[PATCH 1/8] habanalabs: initialize device CPU queues after MMU init

From: Oded Gabbay
Date: Tue Jun 11 2019 - 01:55:58 EST


This patch changes the order of H/W IP initializations. The MMU needs to
be initialized before the device CPU queues, because the CPU will go
through the ASIC MMU in order to reach the host memory (where the queues
are located).

Signed-off-by: Oded Gabbay <oded.gabbay@xxxxxxxxx>
---
drivers/misc/habanalabs/asid.c | 2 +-
drivers/misc/habanalabs/device.c | 22 +++++-----
drivers/misc/habanalabs/goya/goya.c | 64 +++++++++++++----------------
3 files changed, 40 insertions(+), 48 deletions(-)
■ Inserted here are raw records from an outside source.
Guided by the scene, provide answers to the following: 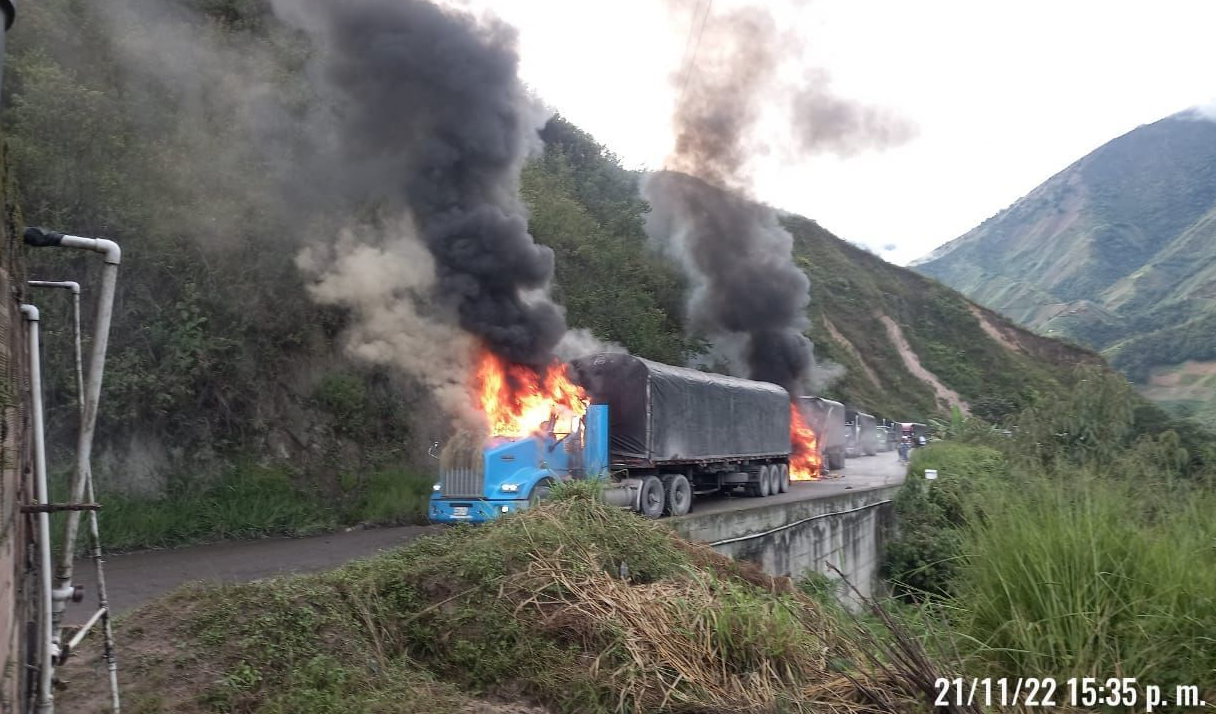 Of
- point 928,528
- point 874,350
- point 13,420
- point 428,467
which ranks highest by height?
point 874,350

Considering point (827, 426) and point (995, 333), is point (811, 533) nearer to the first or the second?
point (827, 426)

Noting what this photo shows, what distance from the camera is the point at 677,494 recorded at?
1566cm

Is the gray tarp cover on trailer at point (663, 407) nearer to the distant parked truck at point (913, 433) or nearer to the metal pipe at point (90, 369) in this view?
the metal pipe at point (90, 369)

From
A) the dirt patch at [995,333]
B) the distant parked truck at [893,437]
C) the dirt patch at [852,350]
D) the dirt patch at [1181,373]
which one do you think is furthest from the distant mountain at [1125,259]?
the dirt patch at [852,350]

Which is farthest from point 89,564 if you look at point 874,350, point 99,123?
point 874,350

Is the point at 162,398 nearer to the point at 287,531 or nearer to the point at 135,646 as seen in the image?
the point at 287,531

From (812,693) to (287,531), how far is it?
11.8 meters

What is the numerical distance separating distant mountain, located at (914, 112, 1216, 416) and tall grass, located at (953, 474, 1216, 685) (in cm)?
4493

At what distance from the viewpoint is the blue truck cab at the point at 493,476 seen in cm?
1204

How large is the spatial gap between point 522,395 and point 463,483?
261 cm

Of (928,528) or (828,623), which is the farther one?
(928,528)

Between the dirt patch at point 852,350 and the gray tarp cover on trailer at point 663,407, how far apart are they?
124 feet

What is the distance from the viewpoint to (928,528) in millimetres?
16234

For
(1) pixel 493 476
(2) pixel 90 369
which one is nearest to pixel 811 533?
(1) pixel 493 476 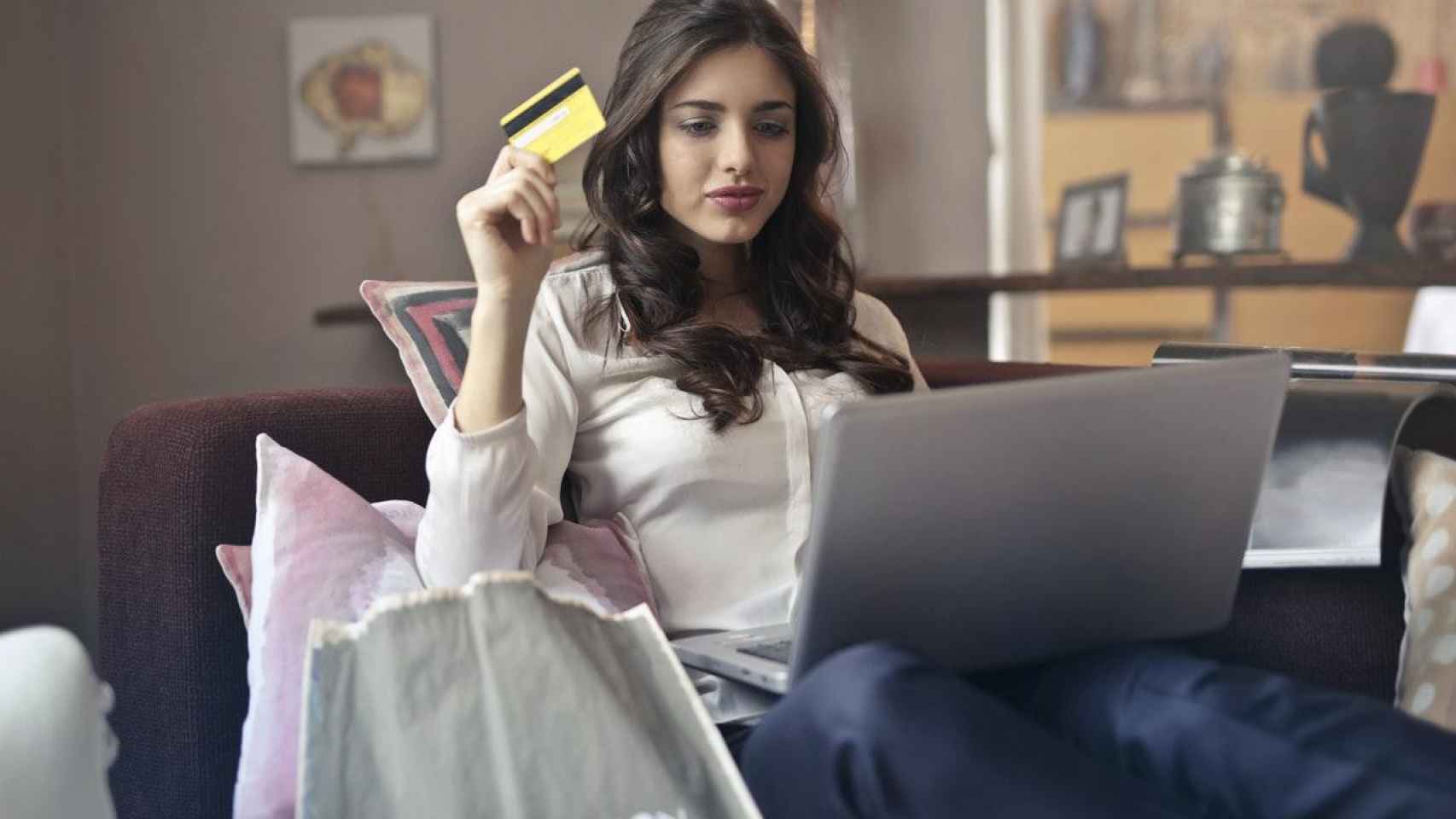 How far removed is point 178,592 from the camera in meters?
1.43

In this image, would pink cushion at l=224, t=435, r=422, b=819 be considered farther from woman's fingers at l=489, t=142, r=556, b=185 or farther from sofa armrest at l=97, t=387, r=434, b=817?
woman's fingers at l=489, t=142, r=556, b=185

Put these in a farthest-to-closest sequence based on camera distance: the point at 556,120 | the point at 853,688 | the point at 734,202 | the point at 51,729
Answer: the point at 734,202 → the point at 556,120 → the point at 853,688 → the point at 51,729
diff --git a/drivers/misc/habanalabs/asid.c b/drivers/misc/habanalabs/asid.c
index f54e7971a762..2c01461701a3 100644
--- a/drivers/misc/habanalabs/asid.c
+++ b/drivers/misc/habanalabs/asid.c
@@ -18,7 +18,7 @@ int hl_asid_init(struct hl_device *hdev)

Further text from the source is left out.